*PROBLEM TO WORK ON*: Reproduced exactly, the lines from the start of the material through the line containing "Home Alone: Grandes" should be the whole answer, with pictures excluded.

*GIVEN RECORDS*:
------------------------

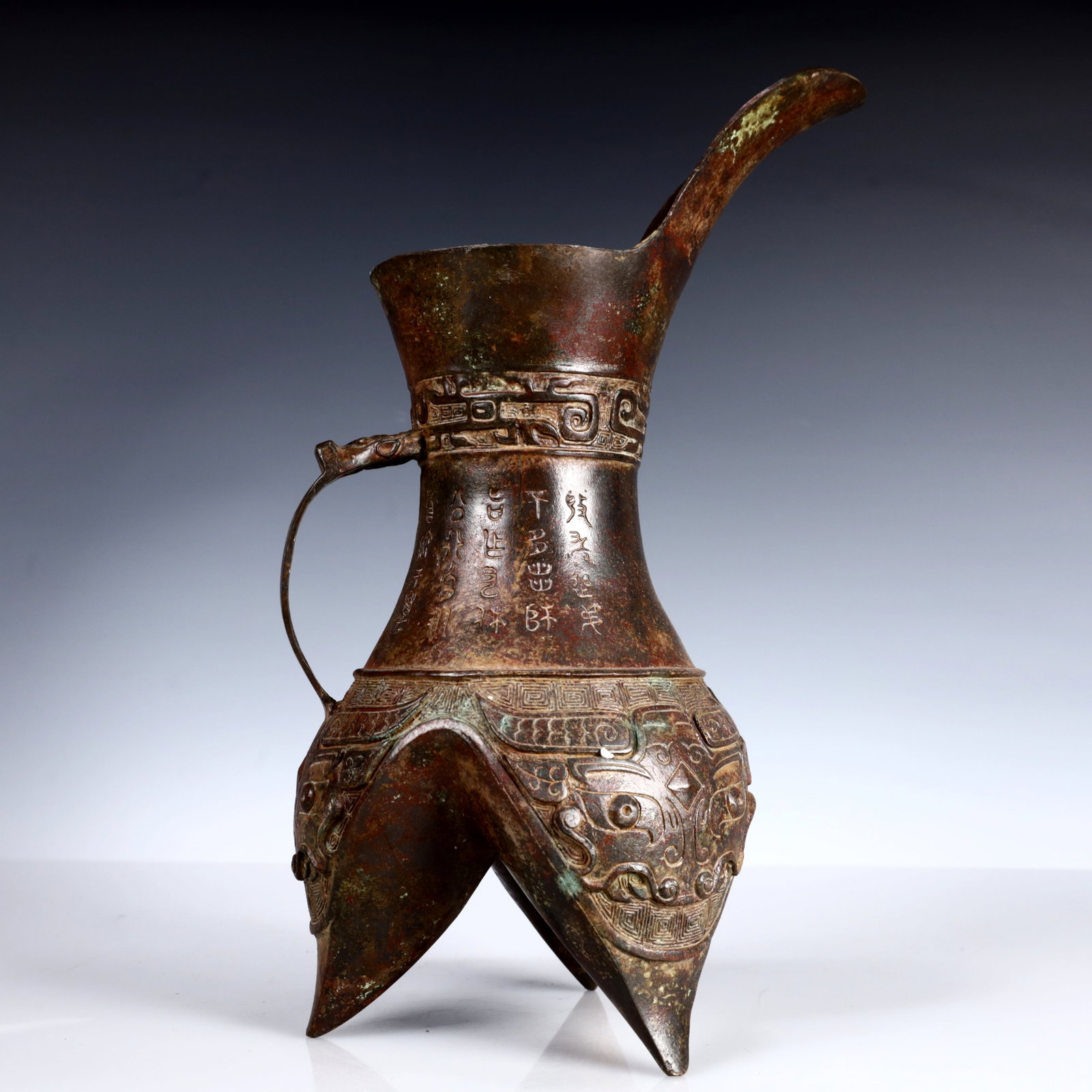 A Rare Bronze Beast-Face Pattern Flagon - 11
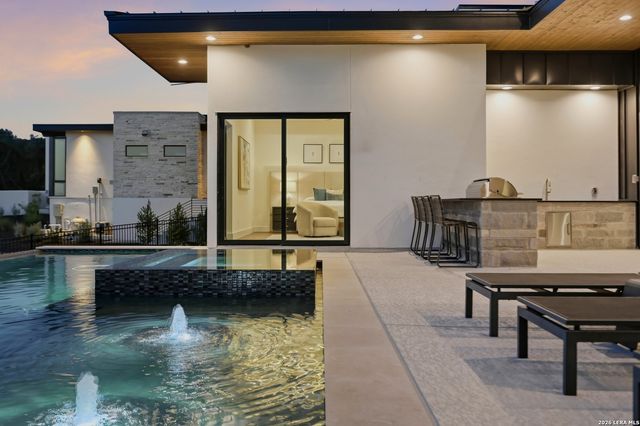 62 Via Aragon, San Antonio, TX 78257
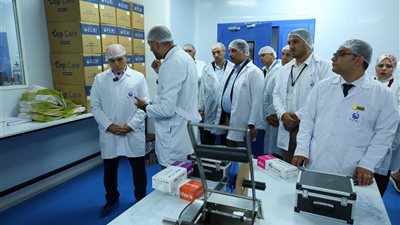 محافظ كفرالشيخ يتفقد عددًا من المصانع بالمنطقة الصناعية بمطوبس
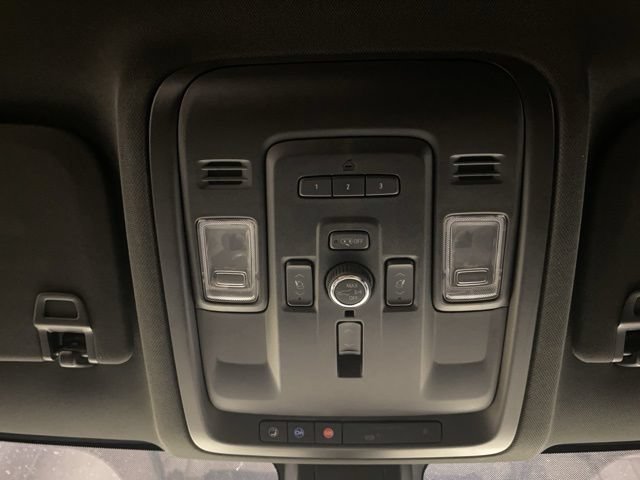 Used 2021 GMC Yukon XL SLT w/ Rear Media and Nav Package AWD/4WD image 3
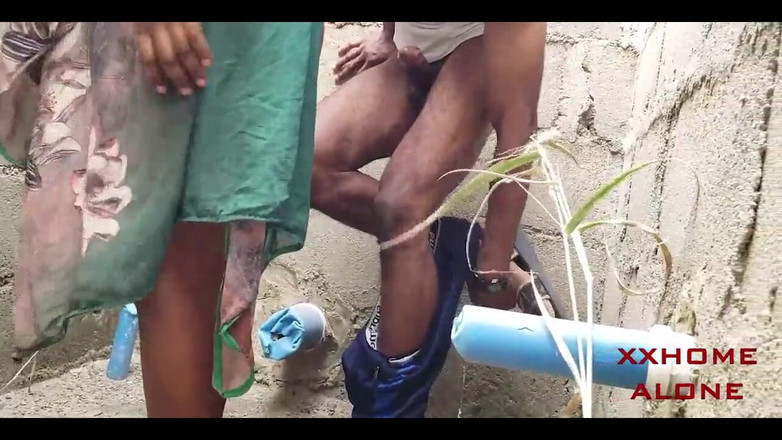 Home Alone: Grandes mamas naturais fodendo em qualquer lugar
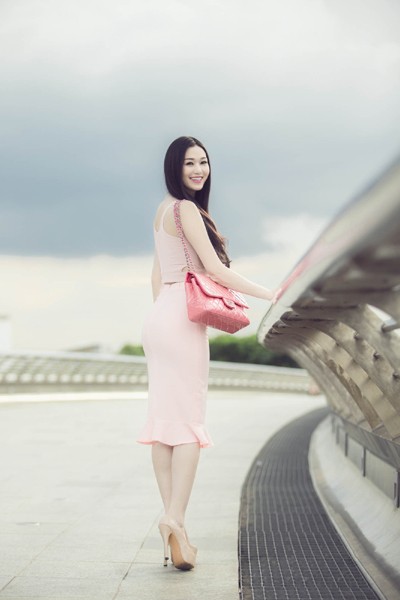 Khánh My diện váy hồng cực hấp dẫn, xinh tươi xuống phố ảnh 4 Khánh My diện váy hồng cực hấp dẫn, xinh tươi xuống phố ảnh 4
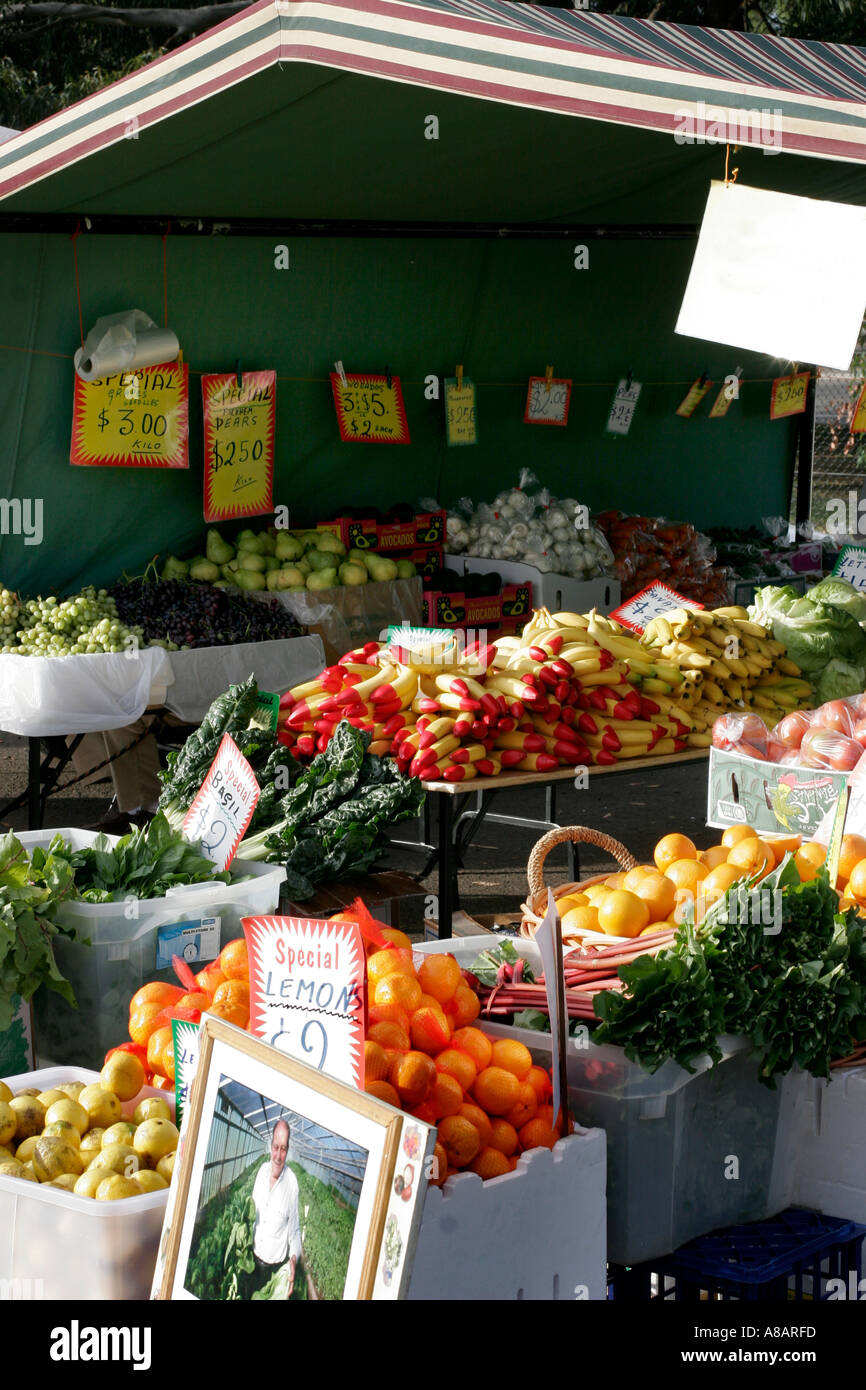 Frutta e verdura fresca in stallo al mercato degli agricoltori Foto Stock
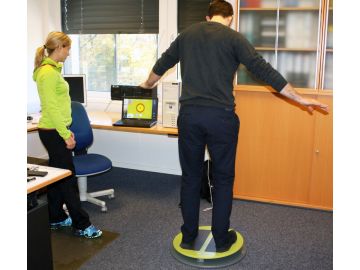 Die Männer konnten beim Geschicklichkeitstest ihr Gleichgewicht testen lassen.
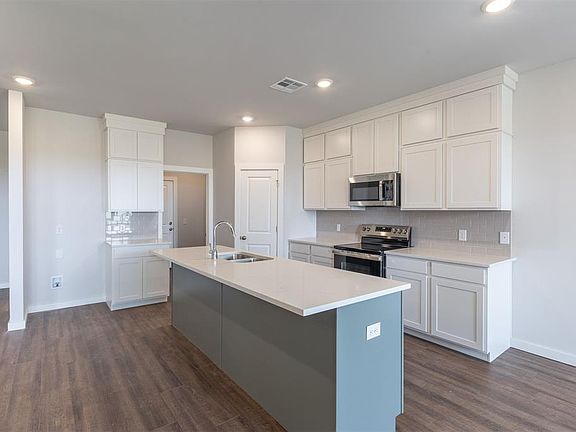 4th image of 1721 Elm Cir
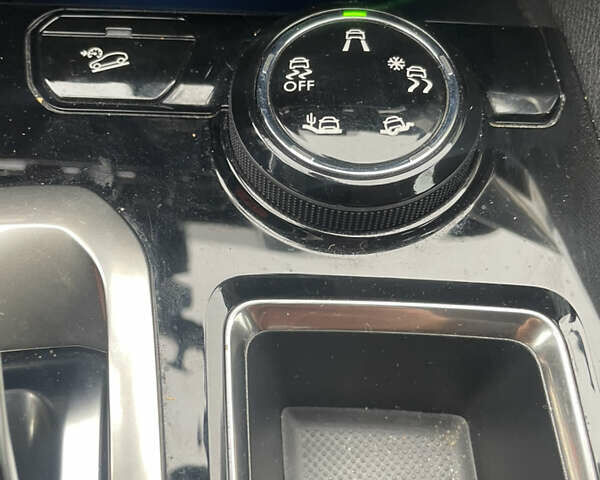 Білий Пежо 3008, об'ємом двигуна 2 л та пробігом 81 тис. км за 24900 $, фото 17 на Automoto.ua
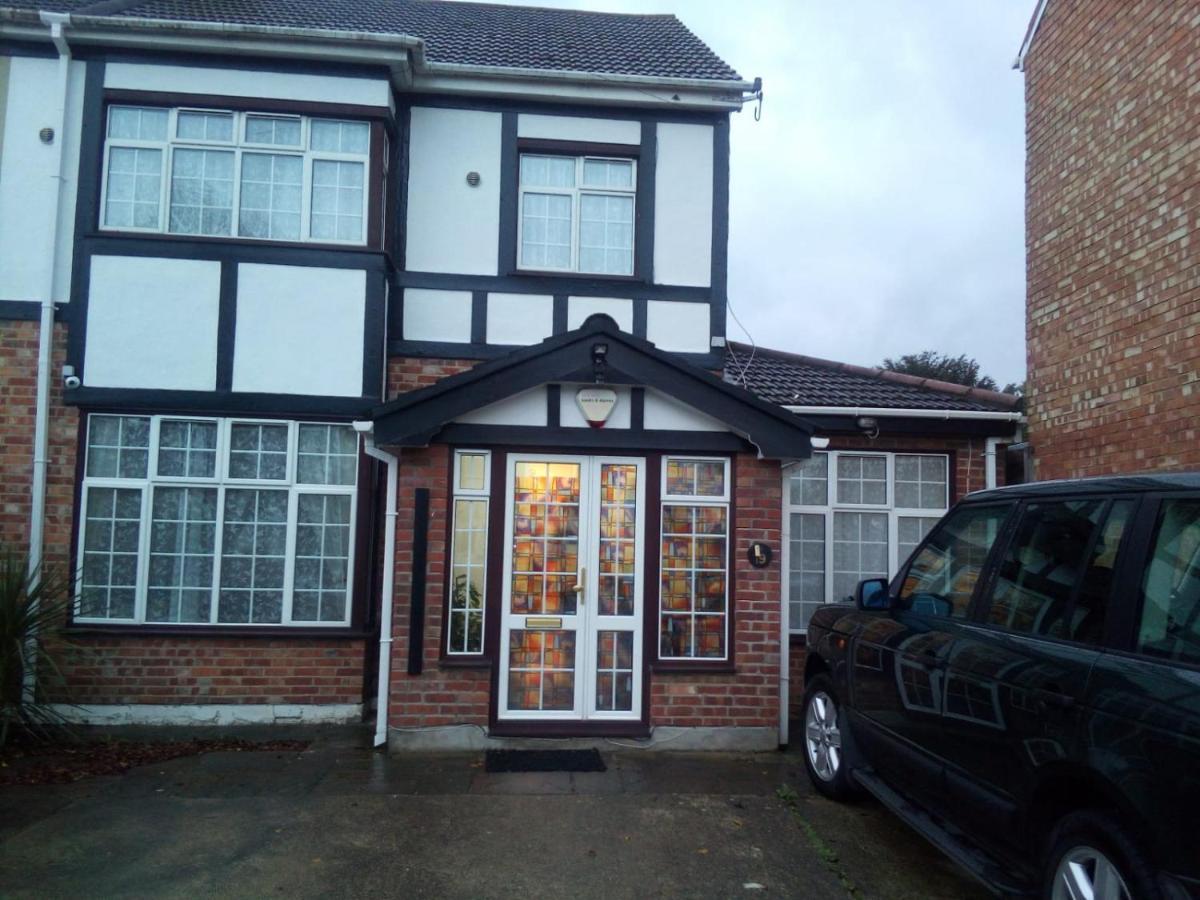 1St Gold Accommodation Isleworth Exterior photo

------------------------

*TASK SOLUTION*:
 A Rare Bronze Beast-Face Pattern Flagon - 11
 62 Via Aragon, San Antonio, TX 78257
 محافظ كفرالشيخ يتفقد عددًا من المصانع بالمنطقة الصناعية بمطوبس
 Used 2021 GMC Yukon XL SLT w/ Rear Media and Nav Package AWD/4WD image 3
 Home Alone: Grandes mamas naturais fodendo em qualquer lugar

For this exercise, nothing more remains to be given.